**Exercise goal**
Scan the records below, and wherever a line has the word "Foto", pull it out.

**Material to process**

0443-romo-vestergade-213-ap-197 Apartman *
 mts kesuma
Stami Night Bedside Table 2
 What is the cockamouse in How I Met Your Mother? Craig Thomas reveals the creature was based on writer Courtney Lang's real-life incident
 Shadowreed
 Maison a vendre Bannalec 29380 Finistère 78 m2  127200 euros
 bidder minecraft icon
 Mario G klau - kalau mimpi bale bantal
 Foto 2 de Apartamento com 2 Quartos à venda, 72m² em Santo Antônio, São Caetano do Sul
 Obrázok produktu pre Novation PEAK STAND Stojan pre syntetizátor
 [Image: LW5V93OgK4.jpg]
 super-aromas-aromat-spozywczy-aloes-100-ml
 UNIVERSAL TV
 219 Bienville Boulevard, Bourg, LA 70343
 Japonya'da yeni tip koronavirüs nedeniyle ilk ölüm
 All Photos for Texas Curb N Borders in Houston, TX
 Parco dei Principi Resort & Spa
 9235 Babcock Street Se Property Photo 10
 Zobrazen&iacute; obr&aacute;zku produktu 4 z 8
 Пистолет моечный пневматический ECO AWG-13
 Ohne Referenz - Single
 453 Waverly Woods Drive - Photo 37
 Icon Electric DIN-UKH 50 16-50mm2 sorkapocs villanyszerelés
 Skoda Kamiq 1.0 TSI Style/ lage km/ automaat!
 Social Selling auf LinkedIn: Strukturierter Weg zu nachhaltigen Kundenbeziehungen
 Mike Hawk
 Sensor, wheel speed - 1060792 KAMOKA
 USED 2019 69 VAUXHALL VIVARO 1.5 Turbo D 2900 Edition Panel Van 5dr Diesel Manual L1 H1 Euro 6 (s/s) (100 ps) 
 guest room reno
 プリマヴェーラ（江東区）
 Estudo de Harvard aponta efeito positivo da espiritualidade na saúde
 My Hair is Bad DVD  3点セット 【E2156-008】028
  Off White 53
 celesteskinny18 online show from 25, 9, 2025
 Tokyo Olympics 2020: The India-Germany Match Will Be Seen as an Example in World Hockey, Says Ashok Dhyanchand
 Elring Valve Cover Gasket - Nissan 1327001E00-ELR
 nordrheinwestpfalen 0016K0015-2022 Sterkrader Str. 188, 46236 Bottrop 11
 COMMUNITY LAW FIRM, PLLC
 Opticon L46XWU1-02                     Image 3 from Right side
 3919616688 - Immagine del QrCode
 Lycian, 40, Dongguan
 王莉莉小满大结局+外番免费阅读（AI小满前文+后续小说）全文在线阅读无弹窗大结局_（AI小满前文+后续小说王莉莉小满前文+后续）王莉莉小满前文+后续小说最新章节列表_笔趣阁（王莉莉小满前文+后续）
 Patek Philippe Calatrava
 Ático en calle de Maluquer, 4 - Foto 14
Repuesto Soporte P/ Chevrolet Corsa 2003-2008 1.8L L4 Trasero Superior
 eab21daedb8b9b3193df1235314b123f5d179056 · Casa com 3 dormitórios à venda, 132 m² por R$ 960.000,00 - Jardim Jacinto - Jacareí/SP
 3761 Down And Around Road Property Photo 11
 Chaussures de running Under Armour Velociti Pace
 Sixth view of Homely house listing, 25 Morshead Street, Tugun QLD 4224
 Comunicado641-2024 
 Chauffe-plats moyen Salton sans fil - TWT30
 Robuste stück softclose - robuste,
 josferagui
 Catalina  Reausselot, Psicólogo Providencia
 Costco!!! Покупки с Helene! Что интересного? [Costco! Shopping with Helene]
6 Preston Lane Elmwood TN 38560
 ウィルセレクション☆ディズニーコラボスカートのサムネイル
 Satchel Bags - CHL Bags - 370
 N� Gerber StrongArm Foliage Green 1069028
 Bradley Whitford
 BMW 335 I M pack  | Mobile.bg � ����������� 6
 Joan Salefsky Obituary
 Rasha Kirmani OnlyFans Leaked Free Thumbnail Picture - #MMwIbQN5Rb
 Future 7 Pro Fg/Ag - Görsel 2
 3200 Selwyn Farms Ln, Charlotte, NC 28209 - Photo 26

**Task answer**
 Foto 2 de Apartamento com 2 Quartos à venda, 72m² em Santo Antônio, São Caetano do Sul
 Ático en calle de Maluquer, 4 - Foto 14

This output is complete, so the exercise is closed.